• [Work instruction] Starting with the line where "Paul Frederick plaid polo shirt XXLT" appears, print every line through the end of the entries below exactly as it stands, and leave out the pictures.

• [Data in this exercise]
· · ·

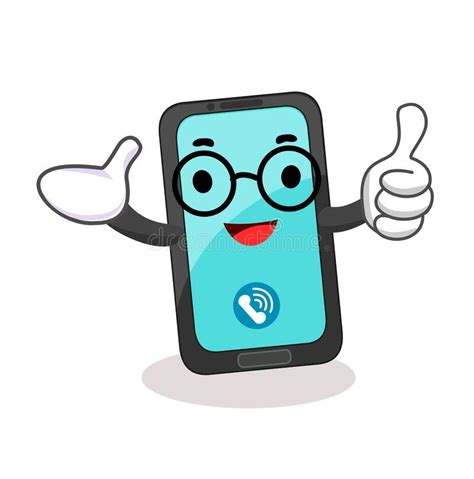 Cute Cartoon Phone Character Vector Stock Vector Illustration Of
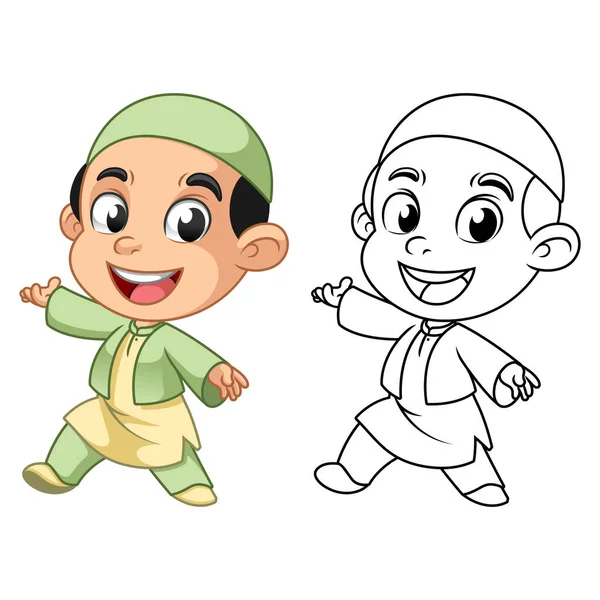 Cute Happy Muslim Boy Present Something Line Art Drawing Children — Stock Vector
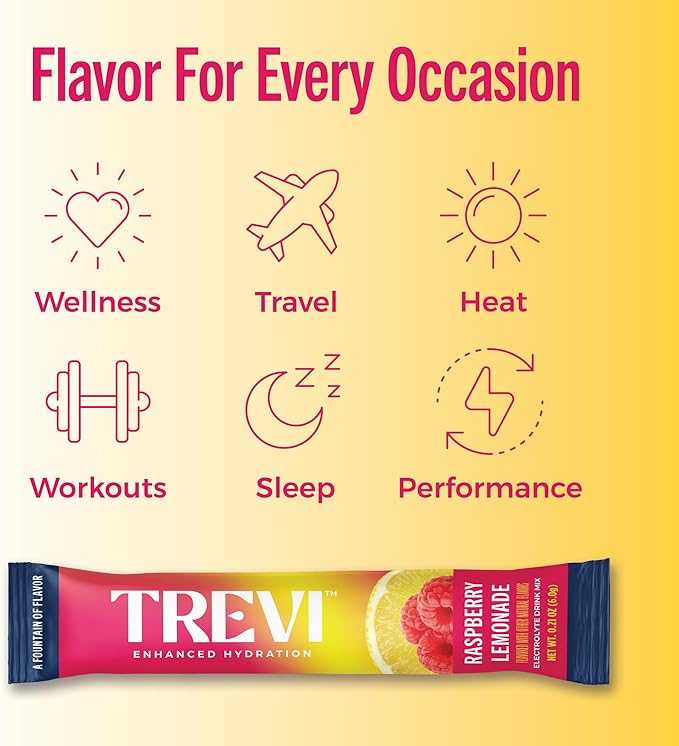 TREVI™ Everyday Sugar Free Electrolytes - Essential Drink Mix Hydration Powder Packets - 28 Count - Raspberry Lemonade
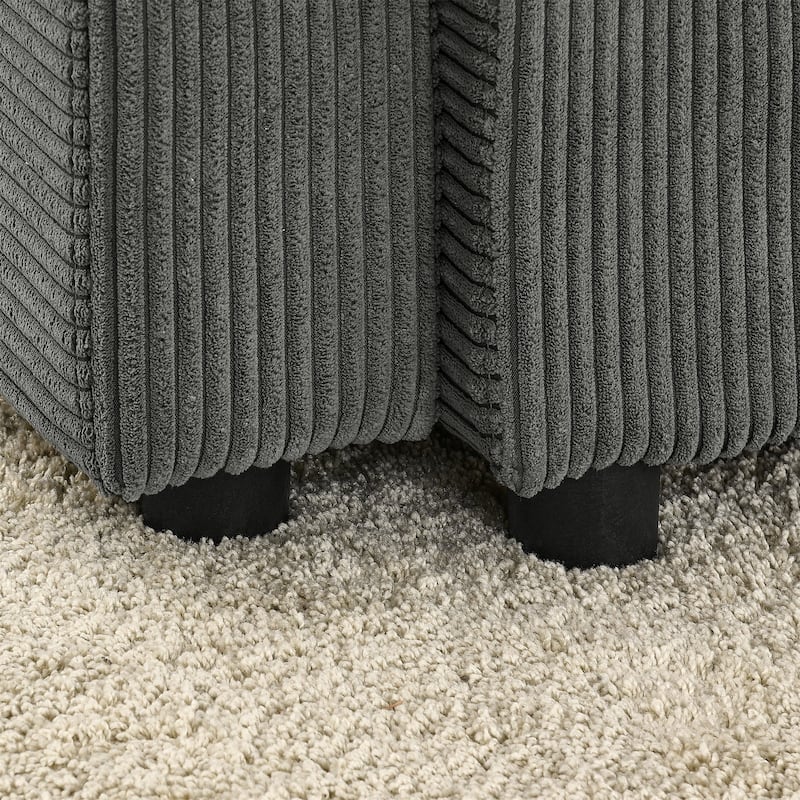 Deep Seat Loveseat Sectional Sofa Corduroy Upholstered Lounge Couch with Ottoman, Storage Armrests, Cup Holders and Phone Stand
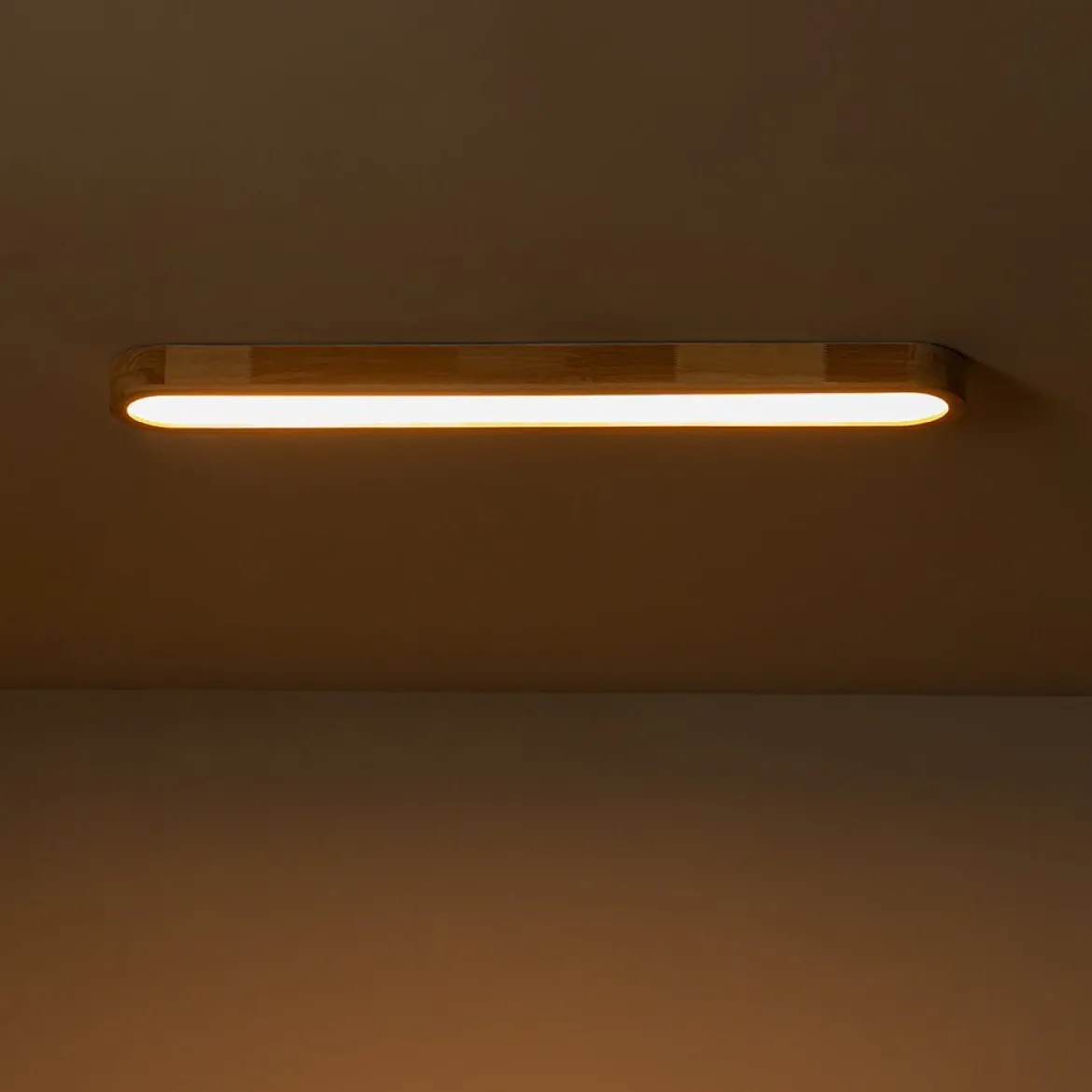 (OpenBox) Natural Wood Long Oval Dimmable LED Flush Mount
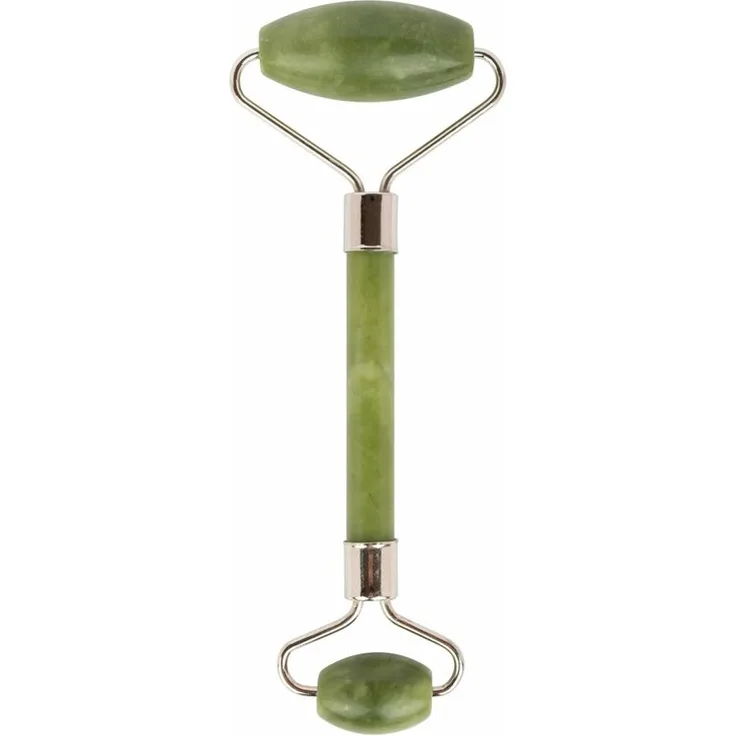 Invogue Brushworks HD Jade Roller Gesichtsroller Massageroller für Damen Anti-Aging 1 Stück, Inhalt: 1 Stück, Jade-Roller für das Gesicht , Reduziert Poren, Falten und Schwellungen 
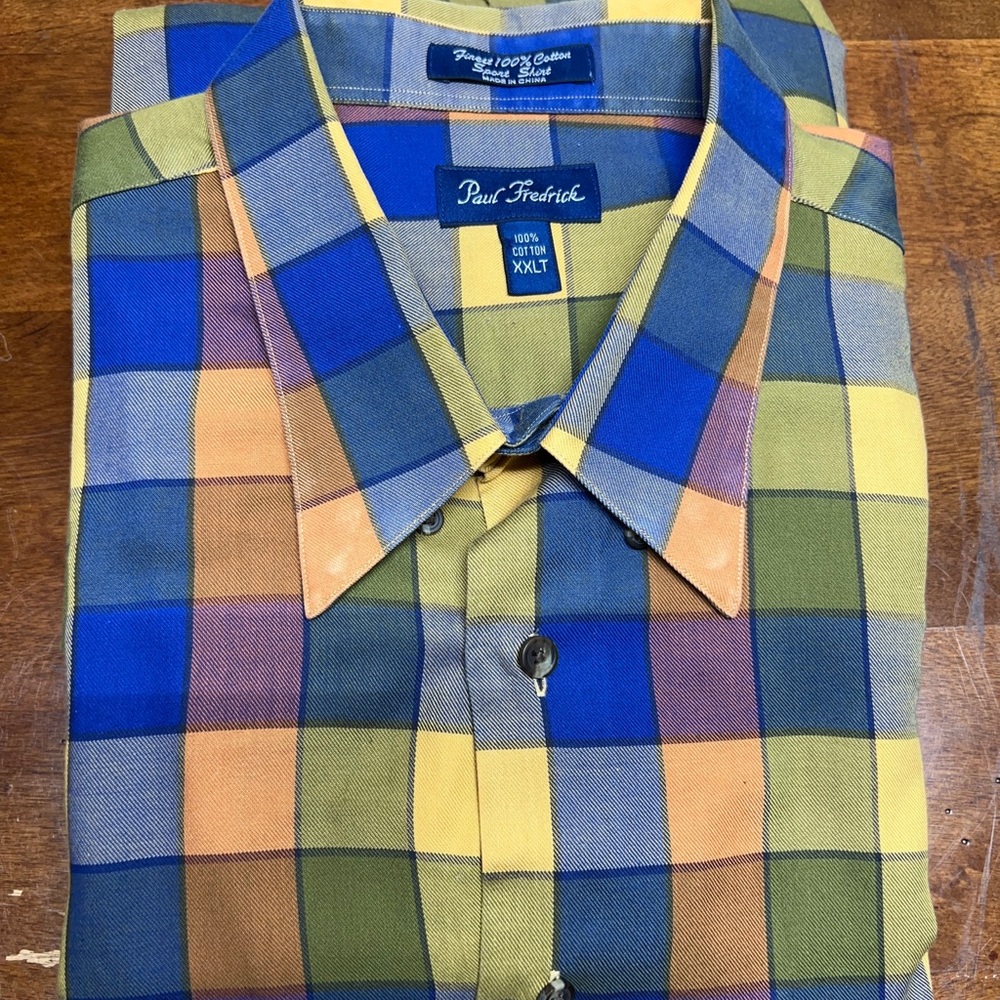 Paul Frederick plaid polo shirt XXLT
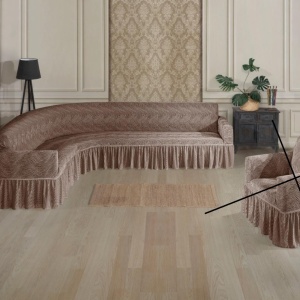 Husa elastica pentru coltar, cu volanas, model Jacquard Maro deschis in dungi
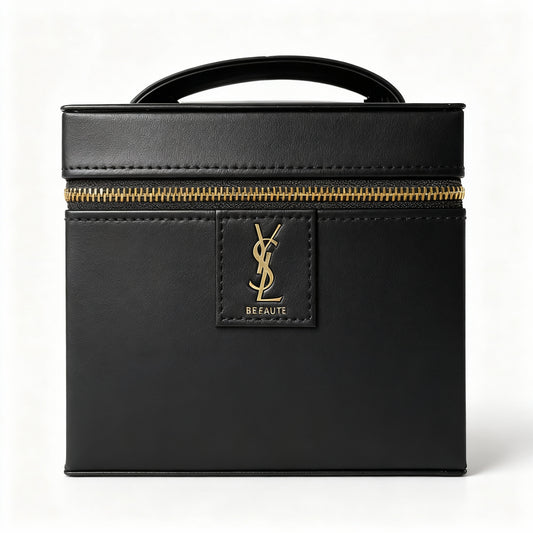 Black leather box with gold zipper and YSL logo on a white background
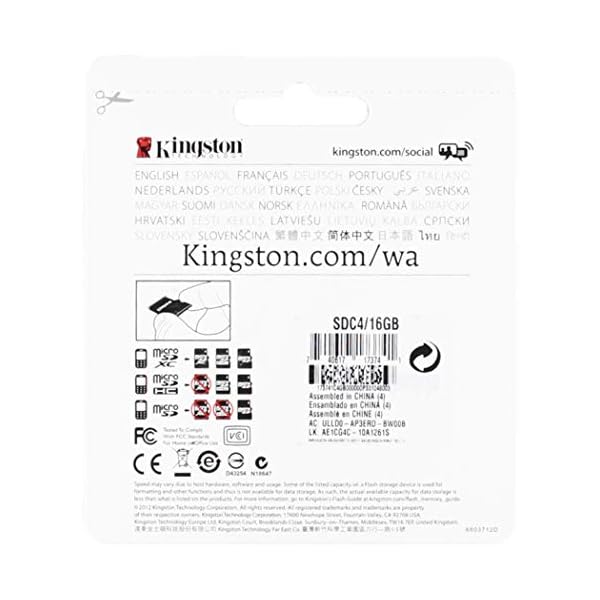 Kingston SDC4/16GB Micro SDHC 16GB bis zu 4MB/s Klasse 4 Speicherkarte (inkl. microSD zu SD Adapter,) – Bild 3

· · ·

• [Solution]
 Paul Frederick plaid polo shirt XXLT
 Husa elastica pentru coltar, cu volanas, model Jacquard Maro deschis in dungi
 Black leather box with gold zipper and YSL logo on a white background
 Kingston SDC4/16GB Micro SDHC 16GB bis zu 4MB/s Klasse 4 Speicherkarte (inkl. microSD zu SD Adapter,) – Bild 3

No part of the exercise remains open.